I hate parties. I loathe small talk.
I’m not particularly comfortable with people I don’t know.
I have long felt that I have social anxiety of some sort or another. And I have been meaning to write about it for a while.
When I was a little kid, I was the one my family sent to get directions or information. I would talk to anyone, anytime.
They say I was excessively cute.
Then something changed. My teens sent me on a life track that left the beaten path behind. In many ways, I have been very lucky.
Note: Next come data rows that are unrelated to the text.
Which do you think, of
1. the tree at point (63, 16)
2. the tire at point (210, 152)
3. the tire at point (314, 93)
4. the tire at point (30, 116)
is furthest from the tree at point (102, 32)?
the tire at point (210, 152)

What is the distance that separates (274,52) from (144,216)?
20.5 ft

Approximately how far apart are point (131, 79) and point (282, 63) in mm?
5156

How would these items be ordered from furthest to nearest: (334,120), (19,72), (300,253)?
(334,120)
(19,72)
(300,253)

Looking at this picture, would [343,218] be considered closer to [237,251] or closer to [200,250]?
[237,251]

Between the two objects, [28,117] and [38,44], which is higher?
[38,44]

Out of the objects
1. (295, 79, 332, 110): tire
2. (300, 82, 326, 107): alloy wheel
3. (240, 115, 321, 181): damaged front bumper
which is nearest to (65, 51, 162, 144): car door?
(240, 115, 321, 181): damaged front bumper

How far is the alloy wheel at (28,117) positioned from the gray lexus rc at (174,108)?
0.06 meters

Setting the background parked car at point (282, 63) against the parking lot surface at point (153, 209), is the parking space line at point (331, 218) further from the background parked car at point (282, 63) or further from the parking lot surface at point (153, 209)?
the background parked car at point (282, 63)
I am sixty-one and the only 9 to 5 job I have ever had was working in an office during the summer when I was sixteen.
My memories of those two months revolve around martini lunches at the Lone Star Café (there was no such thing as getting carded in the seventies) purchased by my boss who then complained when I fell asleep while sorting invoices in the afternoon.
I didn’t make it through high school where so much socializing and skills of that nature are developed and I didn’t go to college where most people learn how to co-exist with others.
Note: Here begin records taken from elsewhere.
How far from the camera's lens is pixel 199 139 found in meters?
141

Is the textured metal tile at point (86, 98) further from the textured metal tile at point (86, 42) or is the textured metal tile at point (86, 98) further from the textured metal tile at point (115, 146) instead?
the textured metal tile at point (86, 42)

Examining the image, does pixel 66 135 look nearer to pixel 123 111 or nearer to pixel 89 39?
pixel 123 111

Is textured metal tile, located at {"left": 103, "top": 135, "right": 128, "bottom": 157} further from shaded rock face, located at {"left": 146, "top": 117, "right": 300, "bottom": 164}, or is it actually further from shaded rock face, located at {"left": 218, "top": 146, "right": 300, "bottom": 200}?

The friends my brother and sister made in college remain their best friends today.
The friends I have all tend to be uncomfortable weirdos like myself.
After that summer of what might be called fun, all of my labor has been part-time, journeyman-type of work such as being a carpenter or a waiter or a yoga teacher.
All jobs that have a transient nature allowing for social control of the environment.
My creative pursuits provided me with the same controls: photography, directing theater, teaching yoga.
I’m on one side of the room comfortably in control while everyone else is on the other side chatting away.
My wife read me something someone wrote yesterday, and I paraphrase, about being comfortable in front of 500 people or one-on-one, while anything in between was hell on earth.
Welcome to my world.
When I went in search of the actual parameters of social anxiety I didn’t fully fit the mold (I am more likely a run-of-the-mill introvert).
There seems to be a big fear of being judged connected to the diagnoses as well as a raft of accompanying physical sensations that don’t connect to my experience.
But whatever it is that I’ve got my poor wife bears the brunt of it: I either beg out of almost all social situations or approach them with a singular dread that is no fun to be around.
I feel for her as I suck the air out of the room when she suggests going to a party or some such event.
On the other side how lucky can I be that I have work, neurotic as it might be, providing me with social interaction that I am comfortable with? As long as it is in the yoga room and I am in control.